Het extra levensloop sparen kan betekenen dat de medewerker geconfronteerd wordt met een hoger fiscaal inkomen en mogelijk verlaging/beëindiging van door de overheid toegekende toeslagen. Om naheffing te voorkomen wordt het LOBA-Deloitte rekenmodel toegepast.
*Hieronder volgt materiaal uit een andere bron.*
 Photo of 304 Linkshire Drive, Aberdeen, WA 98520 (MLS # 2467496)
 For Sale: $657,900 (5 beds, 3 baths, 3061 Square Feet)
Voor de mogelijke verlaging / beëindiging van de door de overheid toegekende toeslagen kan de medewerker een beroep doen op de “Compensatieregeling Transitie levensloop – netto spaartegoed”. Deze regeling wordt in 2020 nader uitgewerkt.

 

Kopie polisblad netto-aanvullingsplan

Teneinde voor een ieder de juiste werkgeversbijdragen levensloop in de kalenderjaren 2020 en 2021 te bepalen is inzicht in het spaarbedrag op het polisblad netto-aanvullingsplan Loyalis per 1 januari 2020 noodzakelijk. Deze noodzakelijke voorwaarde is als LOGA-pad vereiste aan het desbetreffende CAR artikel toegevoegd.

 

De artikelen treden met terugwerkende kracht tot 1 augustus 2019 in werking.